Yeah, those guys with the tall stacks need tall doorways! That's actually the same plan size as I am contemplating. The shed will be in view from the house, but downslope some, so maybe I can get away with a 16-foot sidewall. I have to get out there with some stakes and some bamboo poles and mock it up!

On the aesthetics, I can't get crosswise with SWMBO (She Who Must Be Obeyed).

Can a doorway EVER be too high or too wide?

I was thinking of putting the big sliding doorway in the center of an endwall, but on narrow buildings (less than 40 feet wide) the pitch on the roof tends to limit an endwall's doorway height and width - you don't want the tops of the doors higher than the roof line when the doors are open! And, it just looks goofy to have the outer ends of the door track hanging out there in space.

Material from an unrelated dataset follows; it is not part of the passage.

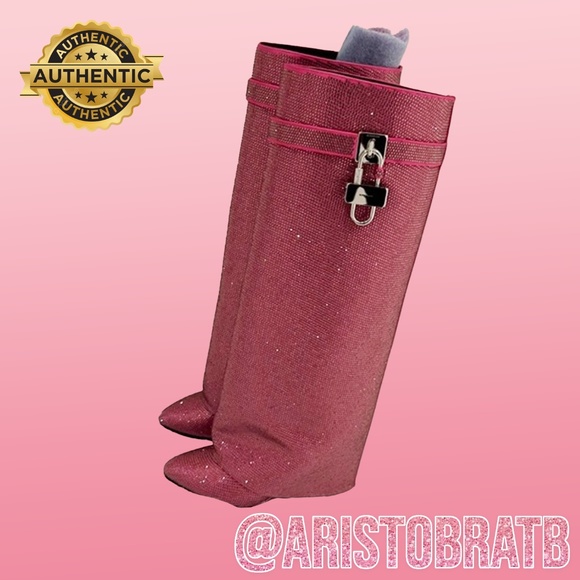 GIVENCHY Shark Lock embellished knee-high boots - Picture 3 of 5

On endwalls, we would make two doors meet on the lengthwise CL of the building. Endwall door frame-out is much simpler construction than for sidewall doors. Because on the sidewall, you're limited to a 9 foot-wide door opening and height at least a foot lower than the top of the sidewall, if you don't want to use headers and a stub pole to support the truss-end that would land in the doorway. It's just $$$. To me, 9 feet is too narrow for a sliding door, especially if you're wanting to back something around a corner on the way in. So, I'm gonna put my sliding door in the sidewall. It'll be 12 feet wide, with a clearance of 11 feet of height. That's like a minimal door height, in my mind. I'm going to have to balance the aesthetics of a very tall sidewall and a low doorway in a compromise of both...

Hey, the aesthetics RULE in the downstream marketplace!
And, MUCH more importantly, to SWMBO.